== WHAT YOU ARE ASKED TO DO ==
Exclude the images, then return every line below exactly as written.

(PROVIDED RECORDS begins)

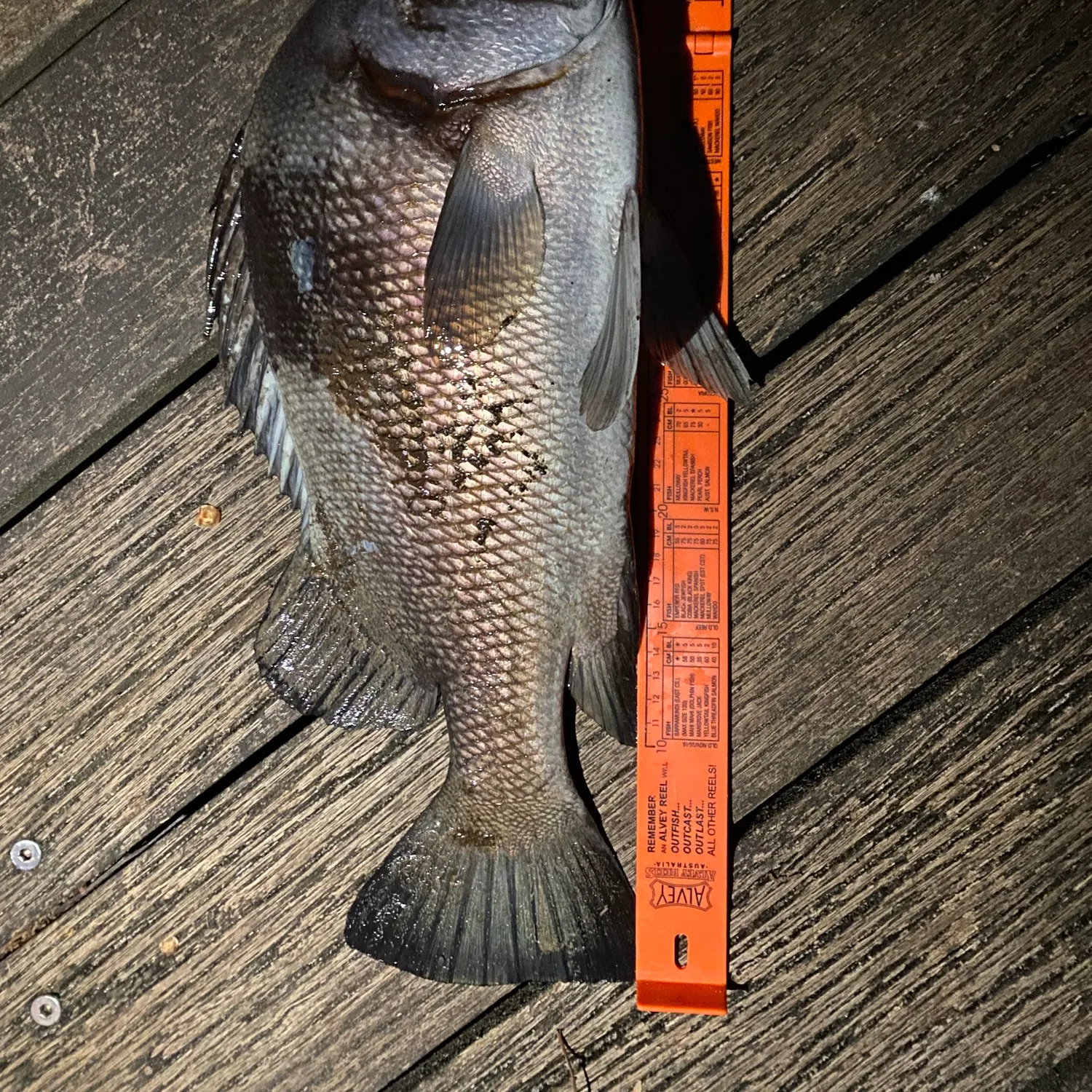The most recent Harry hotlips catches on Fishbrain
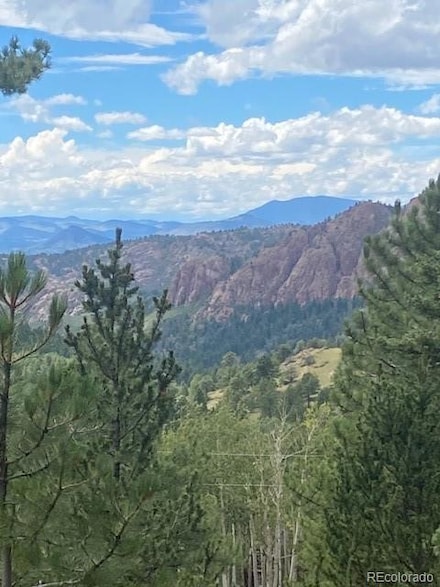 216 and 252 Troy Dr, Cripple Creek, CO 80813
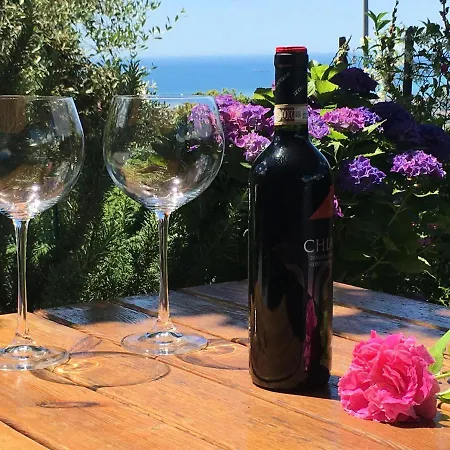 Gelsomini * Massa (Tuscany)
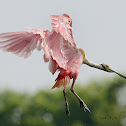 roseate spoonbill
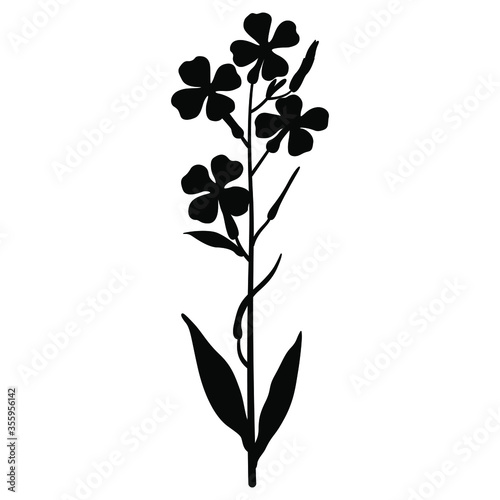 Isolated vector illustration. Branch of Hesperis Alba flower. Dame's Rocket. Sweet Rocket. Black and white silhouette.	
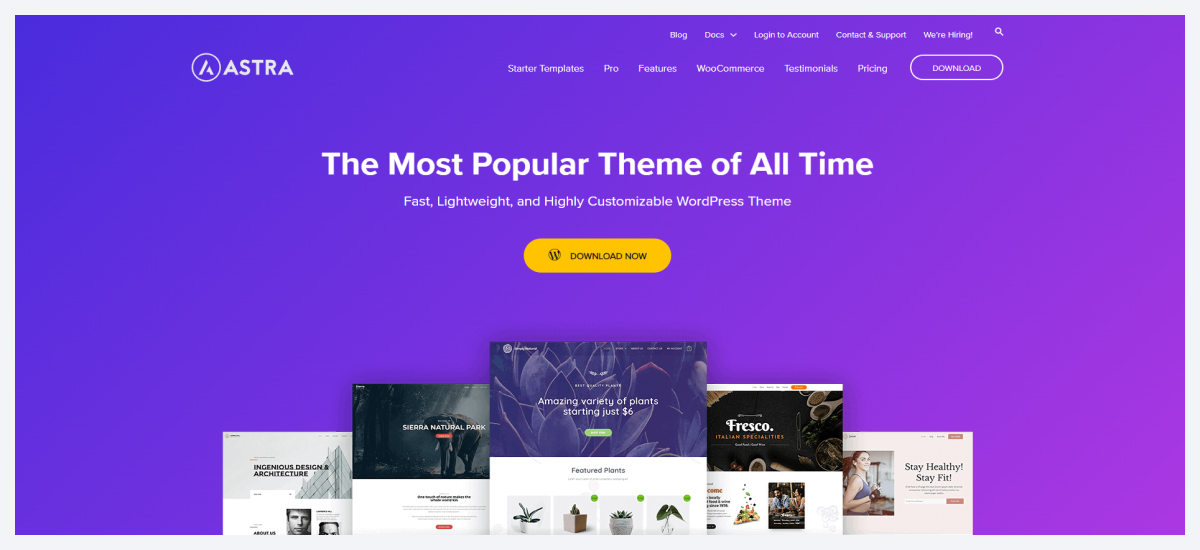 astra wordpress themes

(PROVIDED RECORDS ends)

== OUTPUT BELOW ==
The most recent Harry hotlips catches on Fishbrain
 216 and 252 Troy Dr, Cripple Creek, CO 80813
 Gelsomini * Massa (Tuscany)
 roseate spoonbill
 Isolated vector illustration. Branch of Hesperis Alba flower. Dame's Rocket. Sweet Rocket. Black and white silhouette.	
 astra wordpress themes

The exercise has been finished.